Photo courtesy of Ryan Thompson.

Anthony Rose is a busy guy. Since leaving the popular Drake Hotel in 2012 after a five year stint as the head of food services, Rose launched his own venture: Rose & Sons, a greasy spoon saloon undercut with just enough sophistication to make food critics swoon.

Fast forward three years, and he is currently overseeing four successful restaurants, the most recent of which, Swan by Rose & Sons, opened this past July. Along with the restaurants, Rose owns Schmaltz Appetizing, a shop dedicated to appetizers. He also intends to open a barebones cocktail lounge named Bar Begonia. The bar is scheduled to open this November.

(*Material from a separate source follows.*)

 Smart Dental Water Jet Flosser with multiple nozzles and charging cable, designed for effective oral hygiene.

With all this work, one could be forgiven for thinking that Rose would be exhausted, but talking to him over the phone, all I can hear is enthusiasm. Rose loves his job and it shows. “Everything that I’ve ever done has simply been from the heart,” he tells me. The sentiment extends to how he treats his staff and the relaxed atmosphere that they all aspire to maintain across each of his establishments.

Rose could be considered the antithesis to Gordon Ramsey. “We don’t take ourselves seriously, but we take what we do very seriously,” he said, adding, “It’s suffusing that simple atmosphere with quality everything, whether it’s the cocktail program, the ambience of the environment, or the food. But the service is what matters.”

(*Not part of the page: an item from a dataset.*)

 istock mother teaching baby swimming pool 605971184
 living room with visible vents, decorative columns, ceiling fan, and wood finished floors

Come closing time, the only goal for Rose and his tightly knit team is to make sure that customers are going to come back, and hopefully prompting them to try out some of their other offerings, many of which are located on Dupont Street.

Rose & Sons, Toronto by jennifer yin is licensed under CC BY 2.0​.

Rose & Sons, Toronto by jennifer yin is licensed under CC BY 2.0​.

Swan by Rose & Sons, the youngest of the Rose & Sons family, is the first to step away from the Dupont area. It moved into a space once occupied by a popular diner in the Trinity Bellwoods area. The retro cherry booths and vinyl-topped stools have been left just as the residents remember them. “We try to do as little as possible and preserve the history that’s already there,” Rose says. “If you’d been going there for a long time and sat down right now, you wouldn’t notice much difference.” Well, maybe not, except for the giant standing surfboard from Danny Hess.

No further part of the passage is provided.